### INFORMATION SUPPLIED:
•••
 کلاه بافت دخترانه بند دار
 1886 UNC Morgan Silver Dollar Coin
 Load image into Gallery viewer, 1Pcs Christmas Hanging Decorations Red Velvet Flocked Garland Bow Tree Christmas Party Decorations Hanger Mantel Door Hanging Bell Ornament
•••
### EXERCISE DESCRIPTION:
A word-for-word transcription of the material is required.

### SOLUTION FOR THIS TASK:
 کلاه بافت دخترانه بند دار
 1886 UNC Morgan Silver Dollar Coin
 Load image into Gallery viewer, 1Pcs Christmas Hanging Decorations Red Velvet Flocked Garland Bow Tree Christmas Party Decorations Hanger Mantel Door Hanging Bell Ornament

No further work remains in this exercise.